Matt Morris: Robbe-Grillet is
rarely discussed on this forum, despite VN's obvious enjoyment of his
novels. Given that THE ORIGINAL OF LAURA is supposed to be a radical
departure from Nabokov's work, and given VN's interest in R-G's
boundary-expanding/breaking writing, especially late in his career, I was
curious if TOOL follows somewhat in this high-modernist path
[...] TOOL sounds to me more like something that exists in a
Robbe-Grillet abstraction (at least from the bits of details that have emerged.)
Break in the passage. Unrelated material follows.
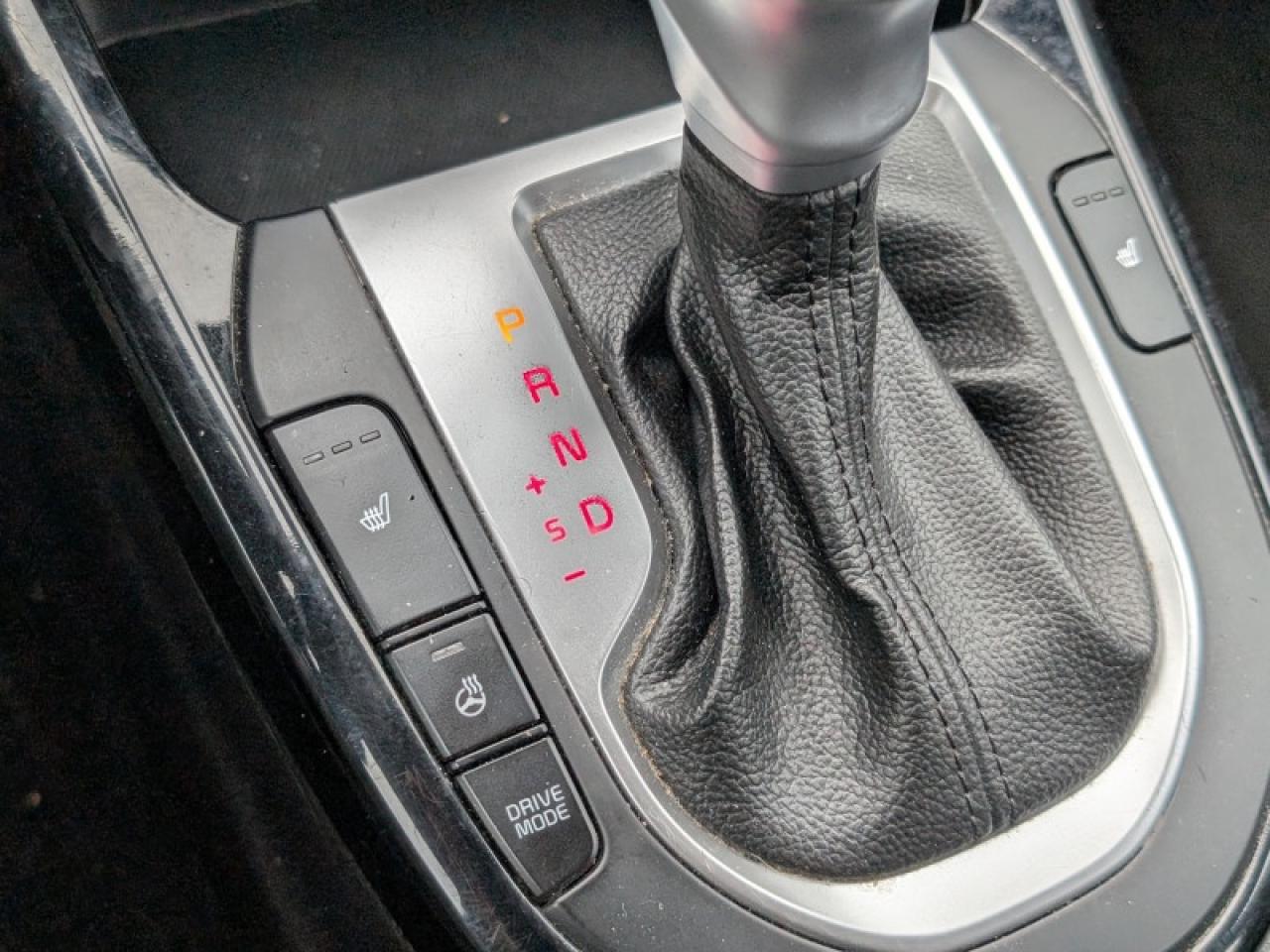 2022 Kia Forte EX Photo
[...] VN's descriptions of Gogol's everyday writings
always reminds me of Robbe-Grillet.
JM: I wish I could read R-G with the same
enjoyment I find in VN or were able enjoy his other
favorites: Updike, for example. Or dislike his dislikes ( Thomas Mann,
Dostoevsky...)
My amateurish
standpoint is rather comfortable because it demands from me no
particular discipline as what is recquired from a scholar.
From this
touristic perspective I see Nabokov as one who was able to deal with what
has been quickly evolving into "hypertexts" without letting go of
the "text", or who was able to break away from the freudian
unconscious ( its "metaphor-metonimy" structures) while still
adhering to an internal ordering process. There is never a chaos
from excessive "difference" or from emissions that
follow a Barthesian "plaisir du texte." Our tickets are never one-way
only.
I wonder if Matt
Morris could expand his suggestion about what he finds in VN ( with his bet in a
transcendent otherworld) and the high-modernist path and bring us some
examples of Robbe-Grillet that he considers more illustrative?